Up to now we discussed shortly the principles of semiconductor-electrolyte interfaces. However, it was said nothing about the practical implementation of electrochemical techniques. Let us start by discussing the most simple experimental setup for performing electrochemical measurements. The following elements are necessary:
The electrode, which has to be studied or where the electrochemical reaction should take place (in our case it will be the electrode in which we intend to introduce pores), is called the working electrode (WE). The second electrode, which is closing the circuit, is called the counter electrode (CE). The third one, used to measure the voltage between the electrolyte and WE, is called the reference electrode (RE). A schematic representation of such a simple experimental set up is presented in Figure 2.14a.

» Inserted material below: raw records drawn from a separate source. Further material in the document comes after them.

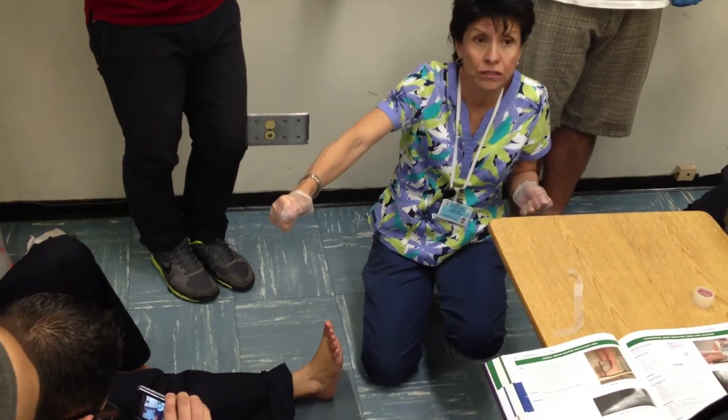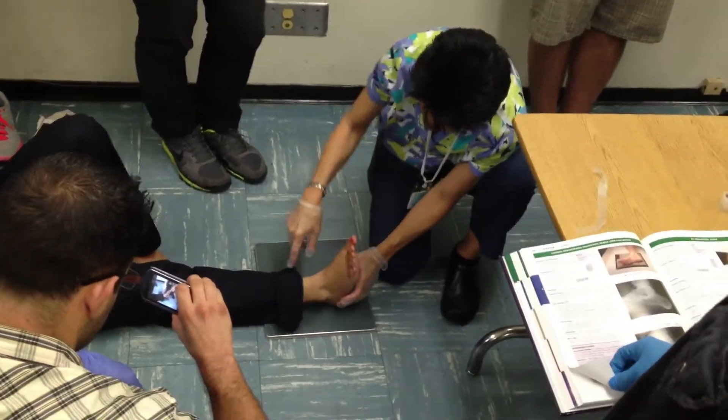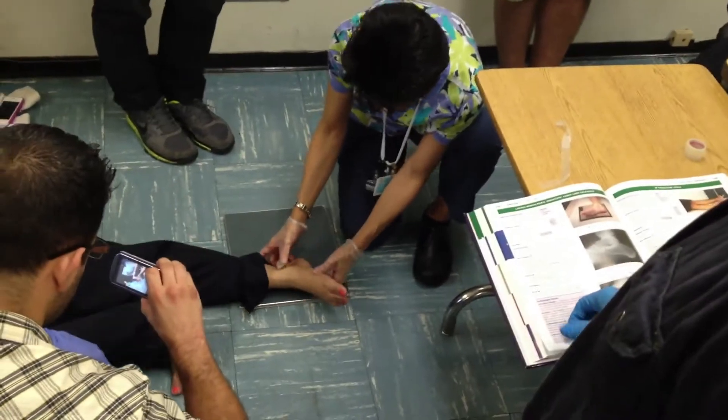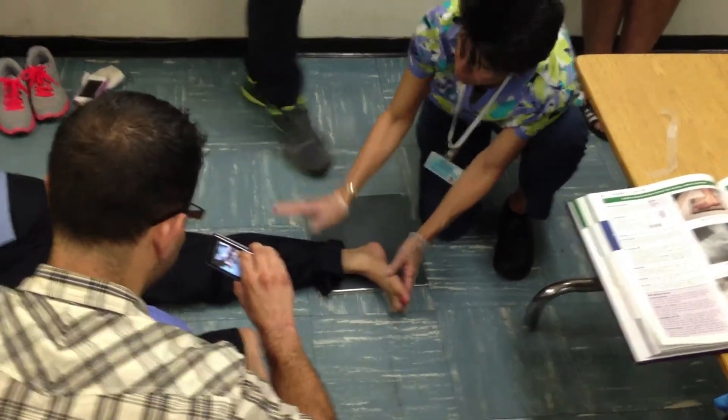That heel better be stretched. Lift up. Turn over on your side — you're going to do another lateral foot.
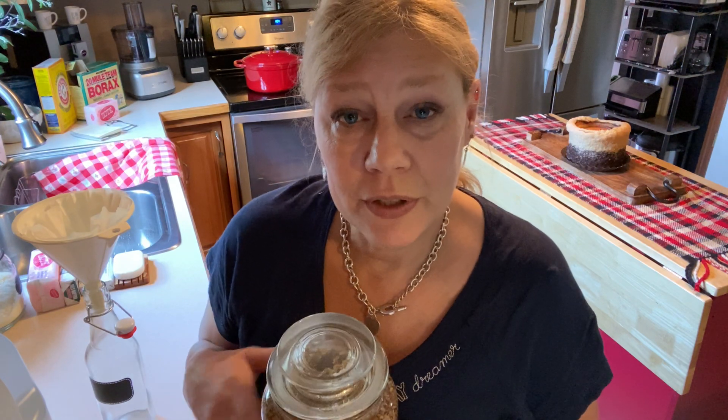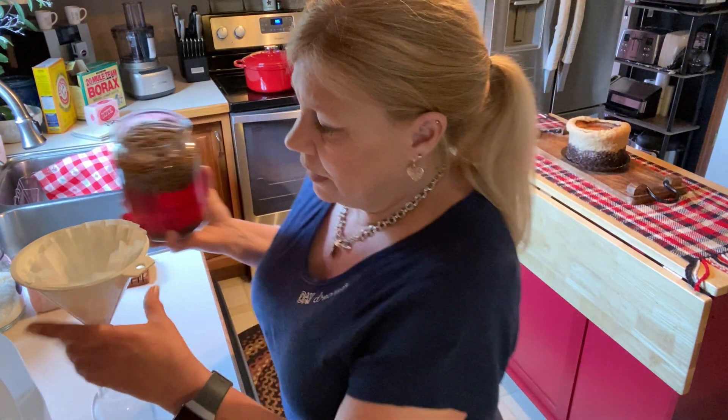I like using glass because you can reuse it. I just took this jar, put a cup of lavender buds in, four cups of vinegar, put it in the cabinet, and promptly forgot about it — it's been in there just over a month. The longer it sits, the more color it seems to take on. Now all I need to do is filter out the lavender buds. I put a coffee filter inside of a strainer and just simply drain it into the bottle. I actually think it's really pretty, and then I'll put a label on it and into the laundry room it goes.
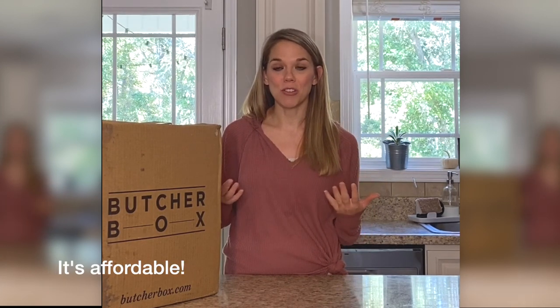ButcherBox has high quality meat from animals that are humanely raised, not given anything unnatural, and filled with the nutritious vitamins and minerals they are meant to have. It's also affordable. The bad thing about a lot of healthy meat is that it can be very expensive. When you get a huge thing of beef for $4 for five pounds, it's going to be filled with omega-6, it's fatty, it's not high quality. I would rather spend a little more money on higher quality meat and spend less on junk food like chips and candy. ButcherBox definitely fits into our budget.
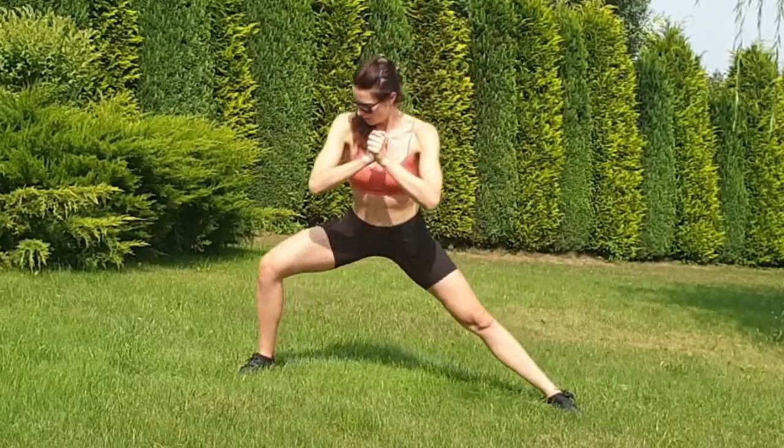This is absolutely possible, but you have to gain understanding, you have to have intention, and you have to have consistency. But before we get into the drills, we need to understand certain concepts — understanding first.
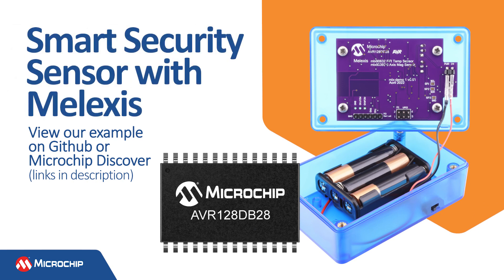For more information, you can view the example on GitHub or Microchip Discover, linked in the description below.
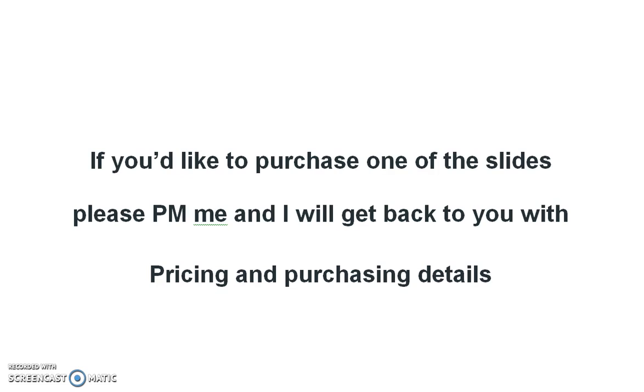If you'd like to purchase one of the slides, please PM me and I will get back to you with pricing and purchasing details. If you don't have a private messaging feature on your YouTube channel, you can comment in this section. If possible, leave your email address in the comments and I'll remove it right away so I can email you back, since some of you don't have the private messaging feature.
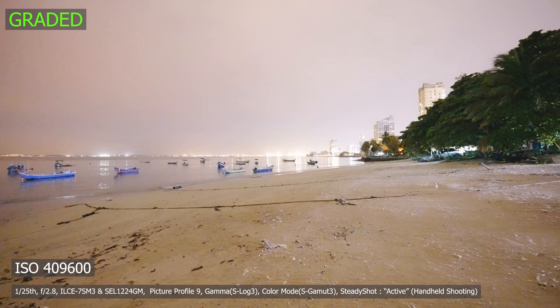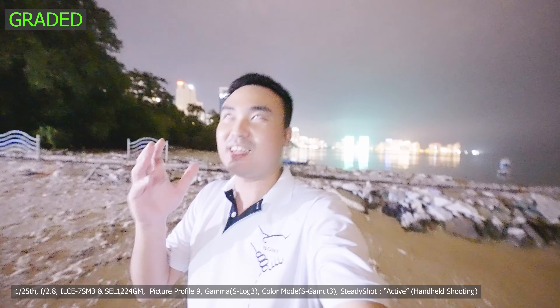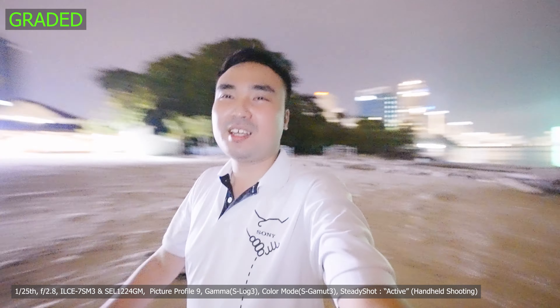So this is what it actually looks like right now in front of me, and it looks like daytime. So worst come to worst, you can still do vlogging right now at ISO 409,600. So this is how bright it is, how crazy it is with this camera. And you can do vlogging at this time — it's super pitch black dark right here, but this actually turned it to become like a morning session.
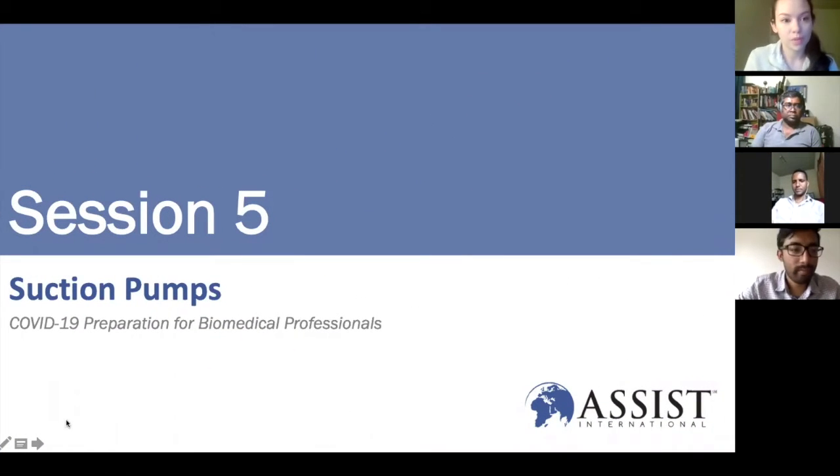Today we're going to talk about suction pumps. This is the fifth session in our COVID-19 preparation series for biomedical professionals.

If a current is flowing thought a solid-electrolyte interface, chemical reactions will occur at the interface. Electrons leaving the solid will reduce species in solution, whereas electrons moving into the solid lead to the oxidation of species in solution. Due to the chemical reactions at the interface the composition of the electrolyte near the surface of the solid will change continuously and thus the distribution of the voltage across the semiconductor-electrolyte interface will vary as well. This is especially true at high current densities. For this reason, in order to maintain a constant composition of the solution near the surface of the sample, i.e. the working electrode, continuous pumping of the electrolyte is necessary.
Figure 2.14: a) The simplest experimental set up for performing electrochemical experiments. b) A schematic representation of a three electrode potentiostat .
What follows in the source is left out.